2. Run the McCrary / rddensity manipulation test.

3. Check covariate smoothness at the cutoff.

4. Estimate with local linear regression using the CCT optimal bandwidth.

5. Report results at half and double the bandwidth as robustness checks.

6. Run placebo cutoff tests.

7. If fuzzy, show the first stage jump and report the IV (Wald) estimate.

8. Discuss the local nature of the estimate. Who are the marginal units?

Software for RDD.

Stata: rdrobust, rddensity, rdplot.

Calonico, Cattaneo, and Titiunik’s suite. Computes optimal bandwidth, bias-corrected estimates, and robust confidence intervals. The current gold standard.

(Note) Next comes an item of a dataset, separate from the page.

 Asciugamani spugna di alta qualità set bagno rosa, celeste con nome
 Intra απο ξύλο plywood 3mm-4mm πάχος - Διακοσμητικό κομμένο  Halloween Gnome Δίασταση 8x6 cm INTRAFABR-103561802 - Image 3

R: rdrobust, rddensity packages.

Same suite available on CRAN. rdplot() produces the standard RDD graph.

Key outputs to report.

Conventional estimate, bias-corrected estimate, and robust standard error (the CCT triangle).
Bandwidth used, effective sample size within bandwidth.
First-stage jump and F-statistic if fuzzy.

Practice Questions

Question 1 of 4

RDD turns a policy rule into a natural experiment by comparing units just above and just below the threshold.

Sharp RDD: treatment switches deterministically at the cutoff. Estimate the jump directly.
Fuzzy RDD: treatment probability jumps at the cutoff. Use IV (Wald estimator), interpret as LATE for compliers near the cutoff.
Key assumption: continuity of potential outcomes at c. No manipulation, no compound treatment.